**INFORMATION PROVIDED:**
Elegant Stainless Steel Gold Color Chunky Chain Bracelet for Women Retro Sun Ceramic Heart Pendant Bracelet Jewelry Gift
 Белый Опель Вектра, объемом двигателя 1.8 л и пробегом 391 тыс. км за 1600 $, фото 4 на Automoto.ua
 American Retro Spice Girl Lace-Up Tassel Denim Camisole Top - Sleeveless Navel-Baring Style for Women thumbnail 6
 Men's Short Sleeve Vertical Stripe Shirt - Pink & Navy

**TASK ITEM:** Begin at the first line of the material and transcribe each line exactly. End with the line containing "Белый Опель Вектра, объемом", and give nothing else.

**SOLUTION:**
Elegant Stainless Steel Gold Color Chunky Chain Bracelet for Women Retro Sun Ceramic Heart Pendant Bracelet Jewelry Gift
 Белый Опель Вектра, объемом двигателя 1.8 л и пробегом 391 тыс. км за 1600 $, фото 4 на Automoto.ua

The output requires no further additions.